Well, it’s not a perfect match, but close. There is a real debate
on color.
Similar problems, presented as assignments,
test questions, field projects, etc. can be
developed and offered in many fields
• Not all fields, to be sure, but you need enough of
them to assert that MKCC has a portfolio of
prompts to validate this type of quantitative
proficiency.
• And what you do for quantitative proficiency and
integrative knowledge you can do for all the others
in the DQP, or your version of a DQP.
• And of course an assignment cannot cover 3 or 4
proficiency territories.
Challenges of putting together a
set of touchstone assignments
• A review committee to determine validities
• Decision rules on distribution of qualifying
assignments across disciplines and levels
• Protection against concentrations of qualifying
assignments in two or three curricular areas
• Recognition that assignments change, and
establishing a process for continued change and
review
• Making sure that individual faculty will cover but a
limited number of proficiencies
Let’s be optimistic now, and
assume
• The ASU faculty senate has endorsed its own version of the
DQP; there are 36 proficiencies
• The Review Committee has marked 288 assignments as
DQP validations, with at least 5 for each proficiency, and
scattered across 50 departments/programs
• A separate student tracking analysis group has examined
the records of 1,000 students to make sure each of them
would have encountered all assignment-validating
proficiencies in the course of their undergraduate careers
(talk about a task!). And confirmed that such is the case.
WOW!
What’s missing? And What Does
One Do Next?
• Grades are missing. The DQP process does
not interfere with faculty judgment of student
performance. You can set alternative levels
of judgment, but not issue the judgments
themselves: that’s a faculty prerogative.
• Next step is the establishment of a record
system, its inputs, and its summative Degree
Audit conclusion. So. . .
Consider the following for
record-keeping
• Every student has an electronic template with the
36 proficiencies in boxes
• Faculty responsible for validated assignments enter
judgments (if binary, only checked if satisfied; if
multiple-leveled, then level) with a secure digital
entry
• You decide whether the student can receive
multiple checks in the same box. I prefer that if
faculty see the box previously checked, they don’t
have to duplicate the judgment.
• Credits continue, but in a separate account.
So when do you get a degree?
•
•
•
•
•
•
All 36 boxes checked
Credit requirements met
Residency and recency requirements met
No financial or disciplinary holds
“Opt-out” degree award policy (ask me!)
Registrar validates the whole; certifies the
Degree Audit.
Does this look like DQP “on the
ground”?
• It’s not on auto-pilot after established
• It’s missing provisions for transfers-in from
institutions that have nothing comparable (granted,
ASU transfer-in percentage is low).
• It’s missing key inclusion items for adjunct faculty.
• It opens potential conflicts from faculty whose
assignments are not included as validating.

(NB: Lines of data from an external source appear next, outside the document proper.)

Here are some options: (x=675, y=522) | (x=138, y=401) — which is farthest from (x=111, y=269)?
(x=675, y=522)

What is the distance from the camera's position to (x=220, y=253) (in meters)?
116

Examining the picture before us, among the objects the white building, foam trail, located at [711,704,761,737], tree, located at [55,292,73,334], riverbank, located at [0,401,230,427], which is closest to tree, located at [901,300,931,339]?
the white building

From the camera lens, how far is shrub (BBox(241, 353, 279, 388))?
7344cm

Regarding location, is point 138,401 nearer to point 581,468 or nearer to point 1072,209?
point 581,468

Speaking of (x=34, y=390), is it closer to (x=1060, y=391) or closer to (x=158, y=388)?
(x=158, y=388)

• It does not answer the question of what ASU could
show to external parties other than the 36
proficiencies. Maybe retired assignments.

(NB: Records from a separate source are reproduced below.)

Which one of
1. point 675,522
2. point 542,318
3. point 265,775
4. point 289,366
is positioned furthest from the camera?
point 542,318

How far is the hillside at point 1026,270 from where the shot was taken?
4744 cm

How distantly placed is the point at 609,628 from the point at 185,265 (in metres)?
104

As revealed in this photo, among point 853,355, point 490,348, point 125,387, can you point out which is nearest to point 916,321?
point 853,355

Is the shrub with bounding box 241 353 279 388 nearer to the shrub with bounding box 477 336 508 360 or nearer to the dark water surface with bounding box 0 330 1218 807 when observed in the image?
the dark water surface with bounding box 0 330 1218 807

But of all the obligations we have in higher
education, our primary responsibility is to
students, and this DQP process is just that!
• The generation of knowledge and local community
economic stimulus can go on elsewhere, but, in our
ball game
• the core operating noun is “student”; the operating
verbs are those of specific actions by students; the
operating results are criteria for the award of
degrees to students. Get the idea?
• There still is dirt here; there are still rough edges.
You can clean it up, sand it, and make it work!